Later in the outer class, there is an instance of the callable class being created. I have no idea what this is:

ConnectionHelper.<List<ClientCoverageCRU>> tryExecute(coverageCRUDaoCallable);

It doesn't look like java syntax to me. Could you please elaborate what's going on in this cryptic syntax? You can see it being used below in the code excerpt.

CoverageCRUDaoCallable coverageCRUDaoCallable = new CoverageCRUDaoCallable(
        dalClient.getOid(), sourceContextId);

// use Connection helper to make coverageCRUDao call.
List<ClientCoverageCRU> coverageCRUList = ConnectionHelper
        .<List<ClientCoverageCRU>> tryExecute(coverageCRUDaoCallable);

EDITED added the ConnectionHelper class.

public class ConnectionHelper<T>
{
    private static final Logger logger =
        LoggerFactory.getLogger(ConnectionHelper.class);

    private static final int    CONNECTION_RETRIES = 3;

    private static final int    MIN_TIMEOUT        = 100;

    public static <T> T tryExecute(Callable<T> command)
    { 
        T returnValue = null;
        long delay = 0;

        for (int retry = 0; retry < CONNECTION_RETRIES; retry++)
        { 
            try
            { 
                // Sleep before retry
                Thread.sleep(delay);

                if (retry != 0)
                {
                    logger.info("Connection retry #"+ retry);
                }

                // make the actual connection call
                returnValue = command.call();
                break;

            } 
            catch (Exception e)
            {
                Throwable cause = e.getCause();
                if (retry == CONNECTION_RETRIES - 1)
                {
                    logger.info("Connection retries have exhausted. Not trying "                        
                            + "to connect any more.");

                    throw new RuntimeException(cause);
                }

                // Delay increased exponentially with every retry.
                delay = (long) (MIN_TIMEOUT * Math.pow(2, retry));

                String origCause = ExceptionUtils.getRootCauseMessage(e);

                logger.info("Connection retry #" + (retry + 1)
                        + " scheduled in " + delay + " msec due to "
                        + origCause);
                        + origCause);
            }
        }
        return returnValue;
    }

You more often think of classes as being generic, but methods can be generic too. A common example is Arrays.asList.

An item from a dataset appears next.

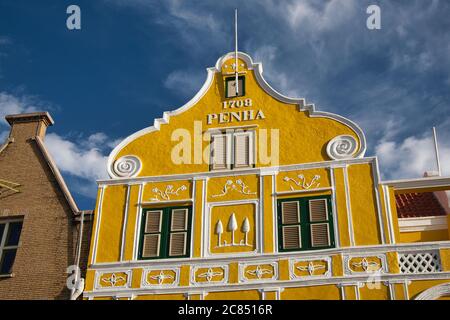 Looking up at a typical Dutch colonial style building in Willemstad, dated on the front as built 1708, Curacao, The West Indies, Caribbean Stock Photo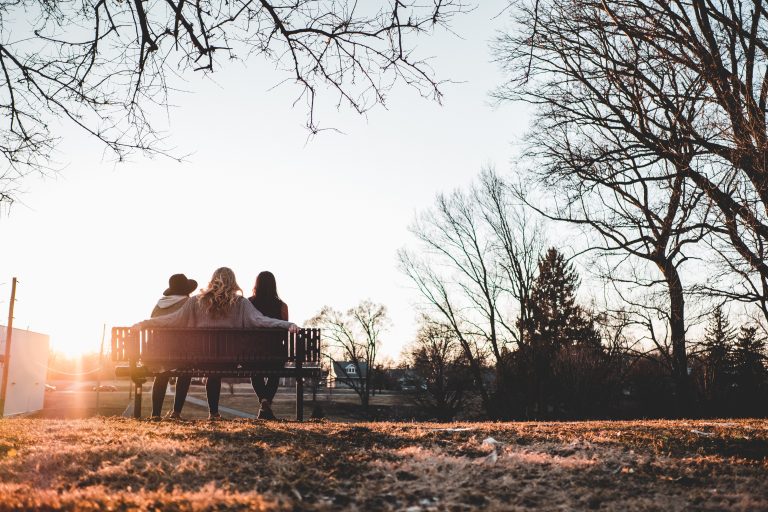 Três amigas sentadas em um banco numa paisagem típica de outono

Most of the time, you don't have to use the syntax with angle brackets <...>, even when you're invoking a generic method, because this is the one place in which the Java compiler is actually capable of doing basic type inference in some circumstances. For example, the snippet given in the Arrays.asList documentation omits the type:

List<String> stooges = Arrays.asList("Larry", "Moe", "Curly");

But it's equivalent to this version in which the generic type is given explicitly:

List<String> stooges = Arrays.<String>asList("Larry", "Moe", "Curly");

That is because, until Java 7, generics do not fully support target typing, so you need to help the compiler a little with what is called a type witness like in ConnectionHelper.<List<ClientCoverageCRU>>.

Note however that Java 8 significantly improves target typing and in your specific example the type witness is not required in Java 8.

It's ugly, but valid.

Whatever ConnectionHelper is, it has a static tryExecute method that needs to infer a generic type.

Something like:

public static <T> T tryExecute() { ... }

Edit from updated Question: Java has type inference for generic types. The first <T> in the method signature signifies the type will be inferred when the method is called.

In your updated post you show tryExecute() defined to take a generic argument:

public static <T> T tryExecute(Callable<T> command)

This actually means the use of that syntax is completely redundant and unnecessary; T (the type) is inferred from the command being passed in which has to implement Callable<T>. The method is defined to return something of the inferred type T.

             Infer a type
               |
               v
public static <T> T tryExecute(Callable<T> command)
                  ^                     ^
                  |                     |
  <-return type--------------------------                           

In your example, coverageCRUDaoCallable has to be implementing Callable<List<ClientCoverageCRU>> because the method is returning List<ClientCoverageCRU>

In my example above you'd have to use the syntax you were asking about because nothing is being passed in from which to infer the type. T has to be explicitly provided via using ConnectionHelper.<List<ClientCoverageCRU>>tryExecute()

So basically, the tryExecute() method in the ConnectionHelper uses generics. This allows you to feed the type inference to it prior to the method call after the "dot operator". This is actually shown directly in the Oracle Java tutorials for Generics, even though I'd consider it bad practice in a production environment.

You can see an official example of it here.

As you can see in your modified post, the tryExecute() definition is:

public static <T> T tryExecute(Callable<T> command)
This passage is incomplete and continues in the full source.